事務所で静かにエプロンを片付けて、鞄を持って、物音を立てず、私は忍者だと言い聞かせながら、一歩……。
「はい、琴音。逃がさないよ」
「うわぁぁぁぁっ⁉」
……完璧な忍者だったと思ったのに。やっぱり、捕食者だ。
「待て」
「出た、翔太」
私と千絵さんの元に闖入してきたのは、午後からバイトに入っていた翔太くん。そんな翔太くんの姿を見て、千絵さんは目を眇めて小さく舌打ちをした。

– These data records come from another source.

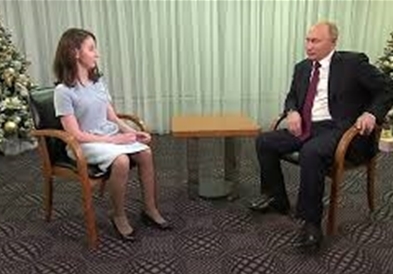 Слепа новинарка побара да го допре Путин (ВИДЕО)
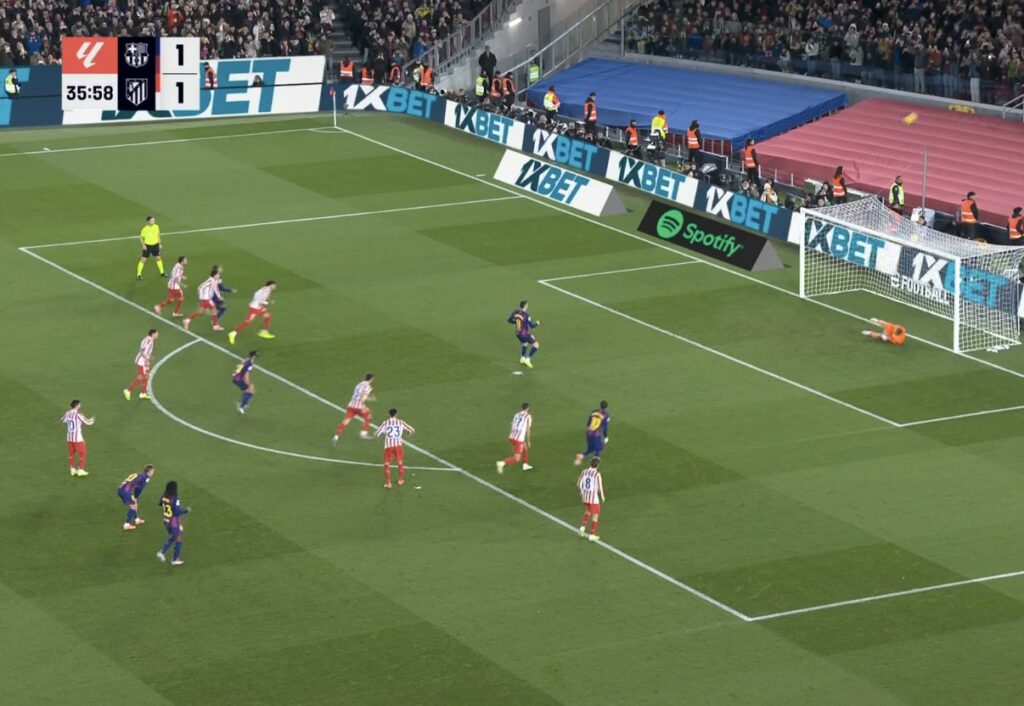 Lewandowski e fluturon topin mbi portë  ekzekutim i tmerrshëm i penalltisë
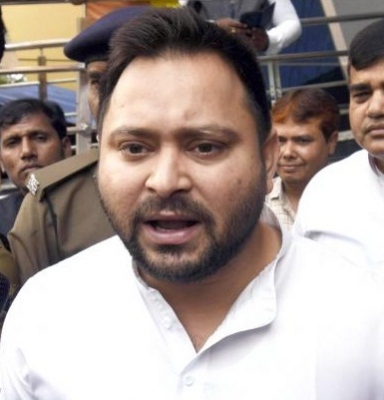 नौकरी के बदले जमीन मामले की सीबीआई जांच में शामिल हुए तेजस्वी यादव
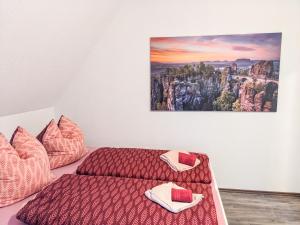 Postel nebo postele na pokoji v ubytování B6 - Urlaubsmagie - Inmitten der Sächsischen Schweiz mit Balkon mit Ausblick auf die Sandsteine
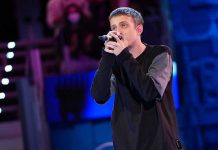 Sangiovanni, stop all’album e ai concerti: “Bisogna avere il coraggio di fermarsi. Non riesco più a fingere che sia felice” Sangiovanni ad Amici 22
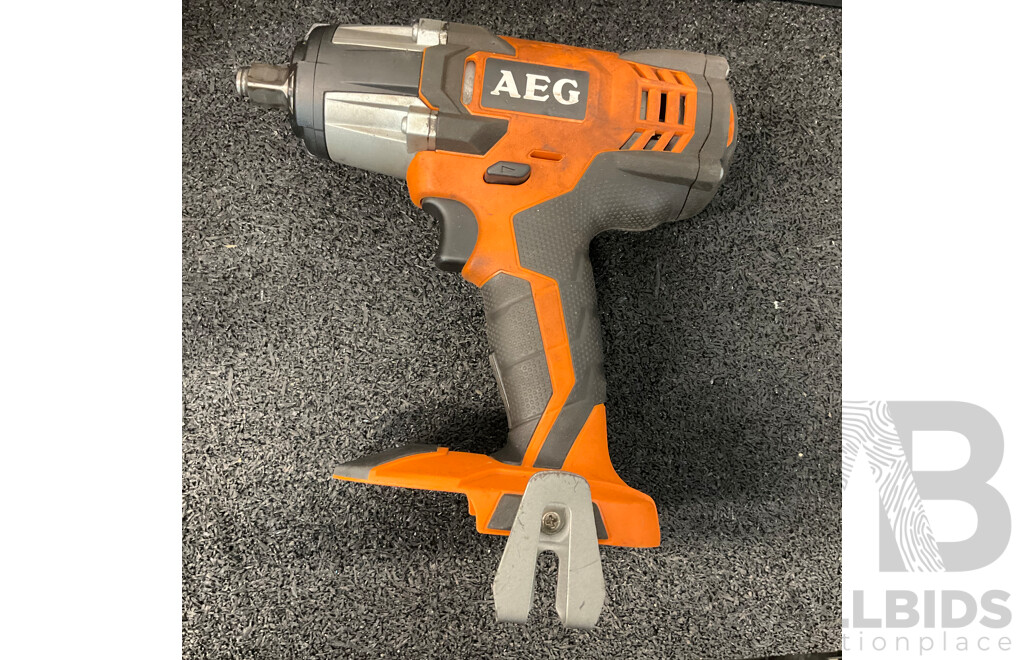 AEG BSS18C12Z Impact Wrench & Impact Driver with Battery, Charger and Carry Bag & a Case of Impact Socket Set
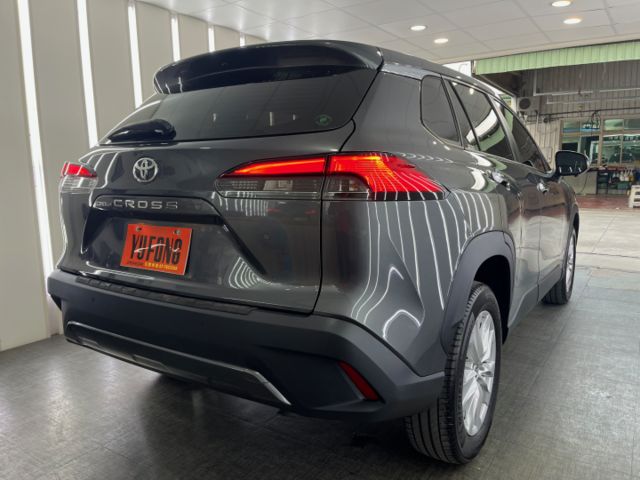 影片賞車✦CC汽油最頂級尊爵版 里程跑5萬 全車原鈑件 升級原廠精裝套件 買到賺到！新車保固中  第3張相片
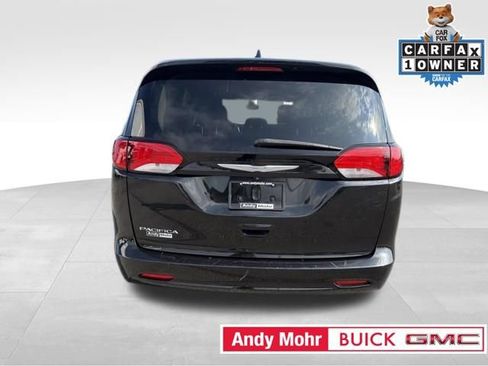 Used 2017 Chrysler Pacifica Touring FWD image 9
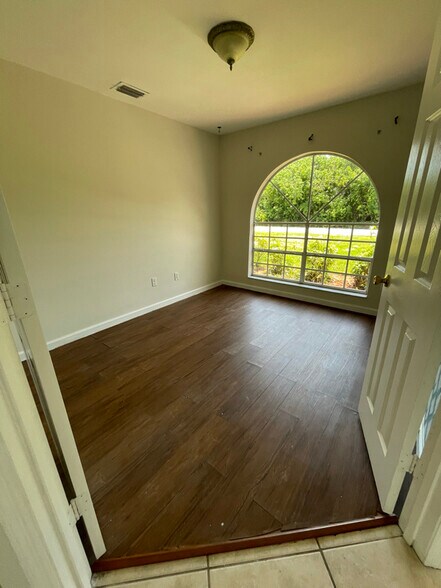 Building Photo - 116 Alhambra Ave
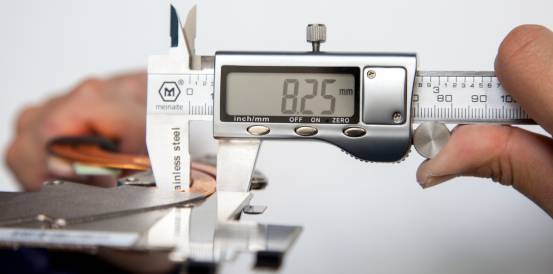 雷蛇灵刃razerbladepro,雷蛇买灵刃14还是灵刃15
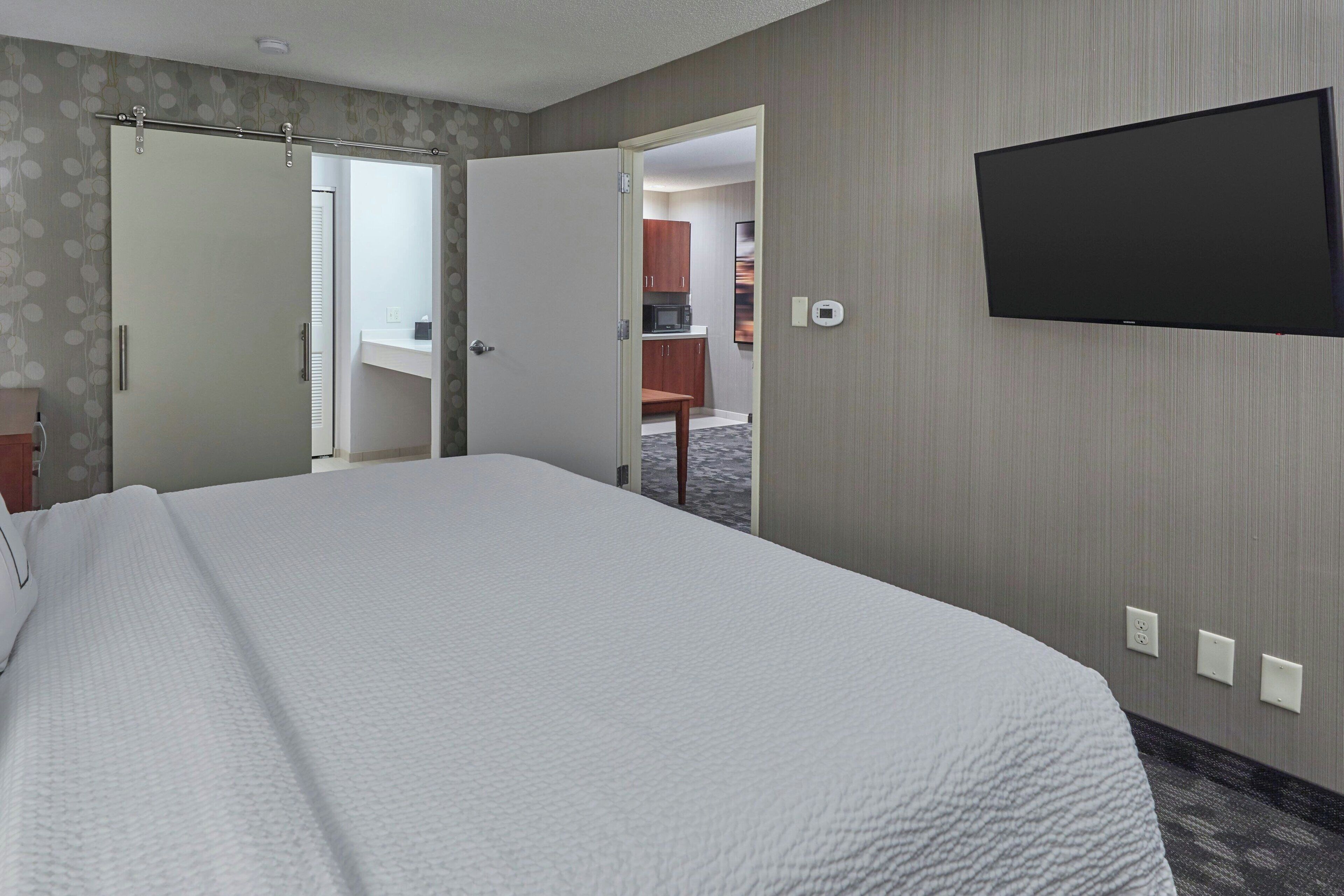 1 bedroom, hypo-allergenic bedding, in-room safe, desk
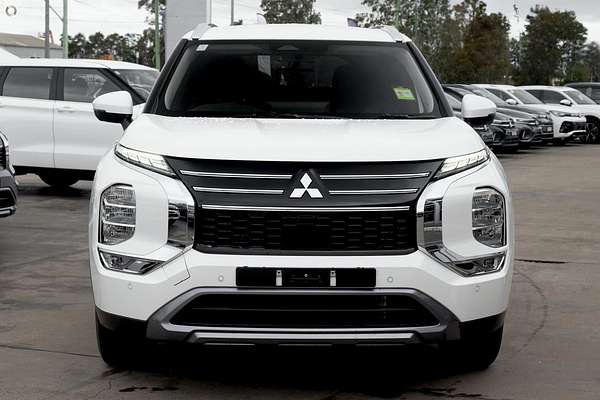 2025 Mitsubishi Outlander LS ZM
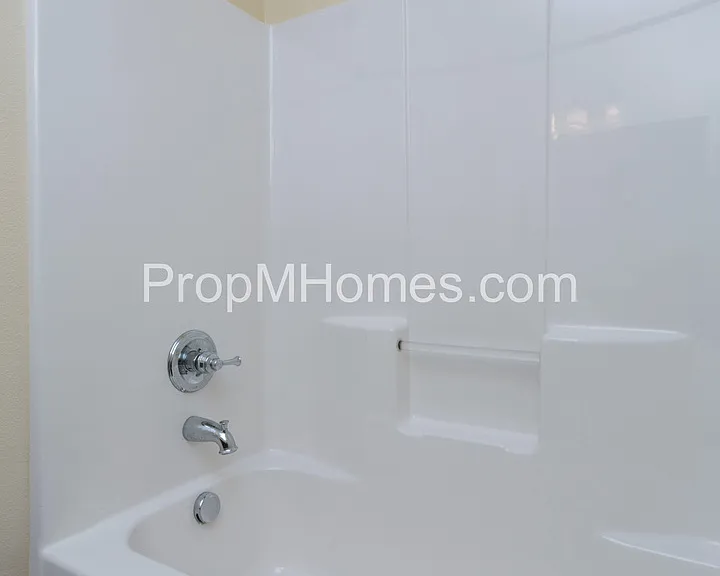 5121 N Williams Ave — Photo 19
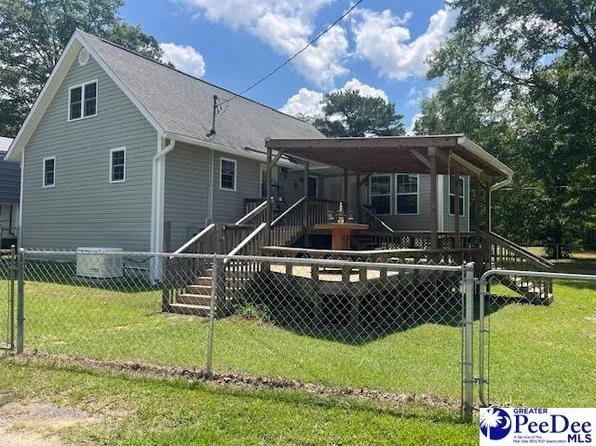 75 Ski Cove Ln, Hartsville, SC 29550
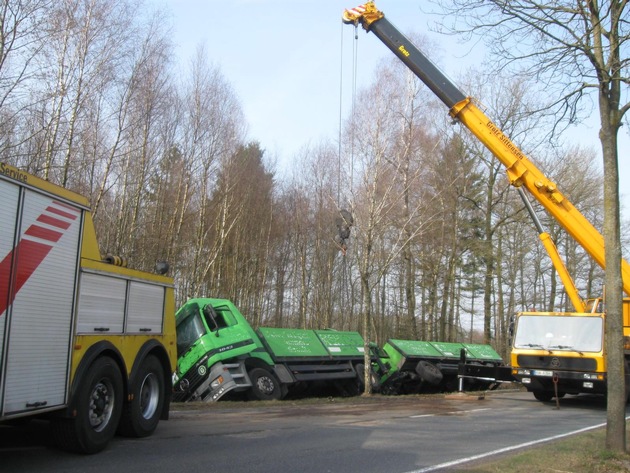 POL-WL: Lkw kommt von Straße ab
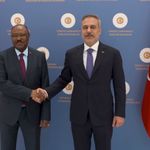 Dışişleri Bakanı Fidan, Sudanlı mevkidaşıyla bir araya geldi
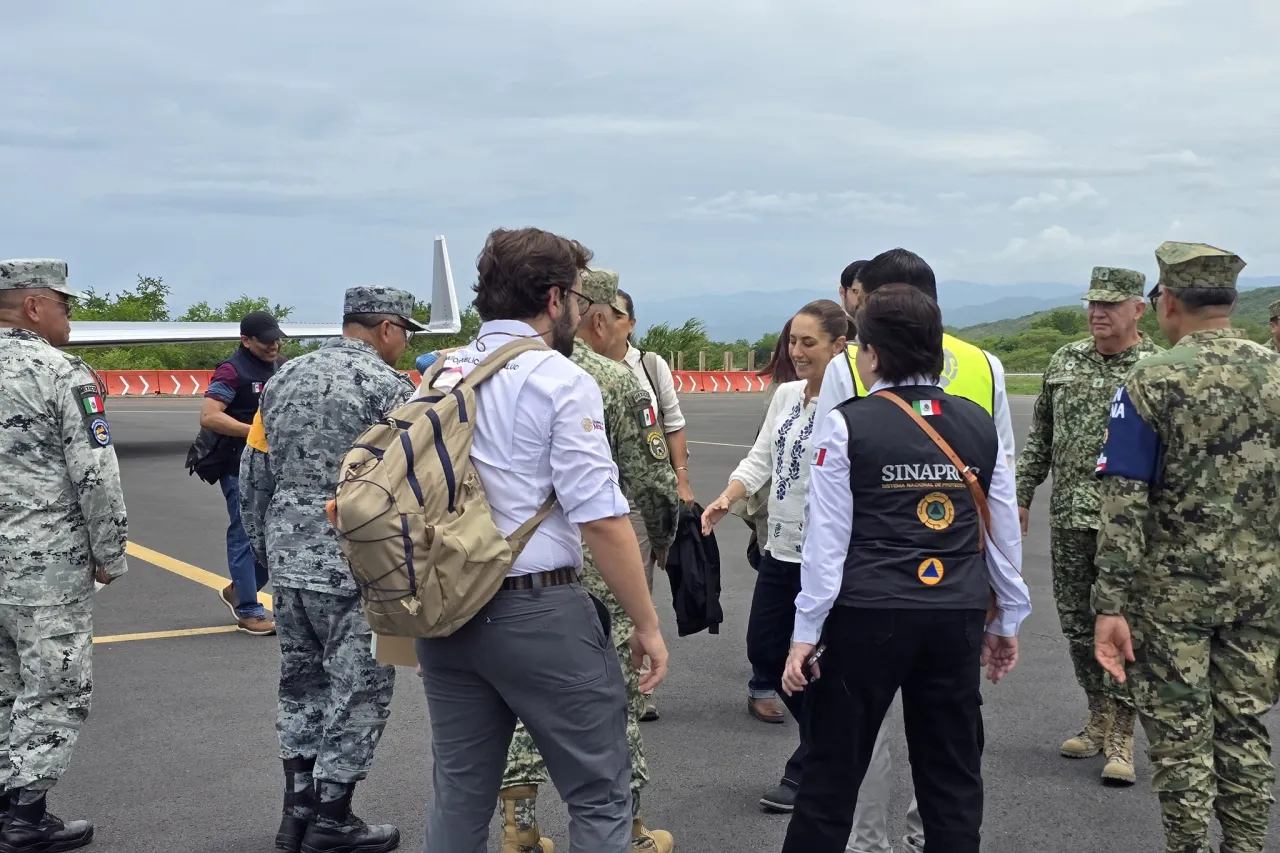 Visita Sheinbaum Oaxaca para coordinar apoyo tras huracán Erick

「琴音の話をしに行くんですよね? 俺も行っていいっすか? ってか、行きます」
「ダメ」
「琴音、俺もいい?」
翔太くんは拒否を示した千絵さんを無視して、私の方へ許可を求めてきた。
いいかと聞かれたら、ダメとは言えない私は、その内容が照れてしまうようなものだということを忘れて、反射的に頷いてしまっていた。
「ほら、琴音は優しい」
「はぁ……琴音はほんとバカだねぇ」
なんだか褒められたんだか貶けなされたんだか分からないまま、私たちは書店を出て近くにあるファミレスに入ることにした。
この時点で、徹底的な追及がなされる予感がするのは気のせいだと思いたい。だって、フリードリンクなんていらない。フリーだなんて、恐ろしい。
何が、
そんな私の心の抗議は二人に届くはずもなくテキパキと注文し、私も急かされるように決める羽目になった。